EXTRACTED MATERIAL:
• • • • • • •
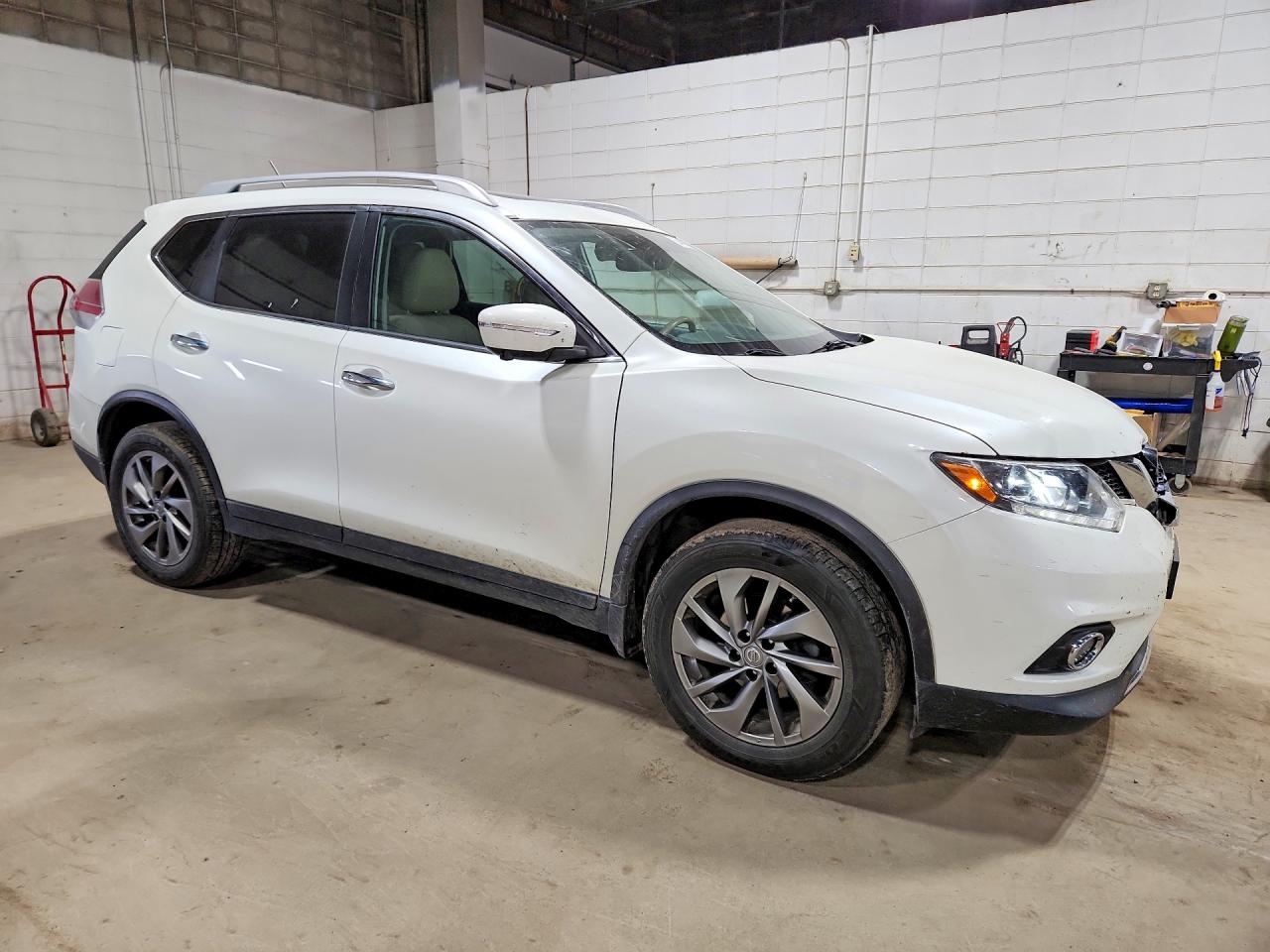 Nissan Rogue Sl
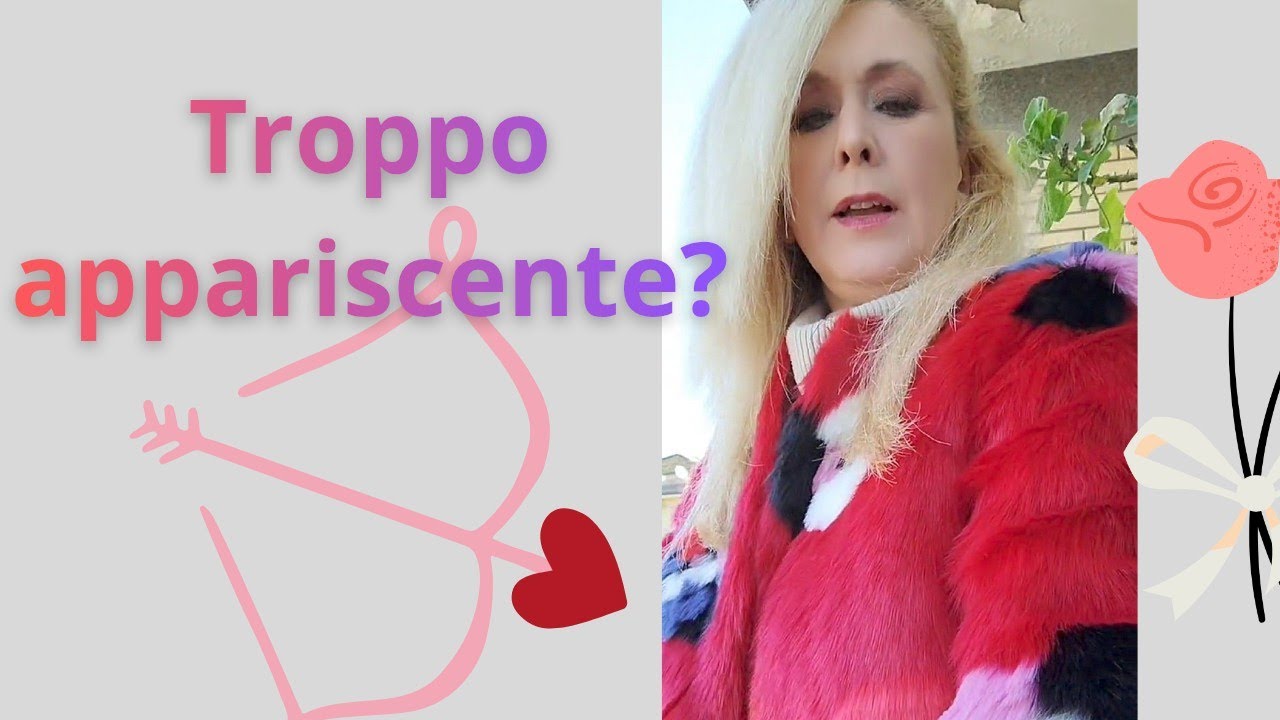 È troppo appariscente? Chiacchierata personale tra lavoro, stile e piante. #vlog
• • • • • • •
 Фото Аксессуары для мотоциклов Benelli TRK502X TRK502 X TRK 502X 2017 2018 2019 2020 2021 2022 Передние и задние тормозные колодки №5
• • • • • • •
Within the listing above, the stretch from the line with "Nissan Rogue Sl" down to the line with "È troppo appariscente?" is to be given again exactly, end lines included and pictures excluded.

ANSWER SPACE:
 Nissan Rogue Sl
 È troppo appariscente? Chiacchierata personale tra lavoro, stile e piante. #vlog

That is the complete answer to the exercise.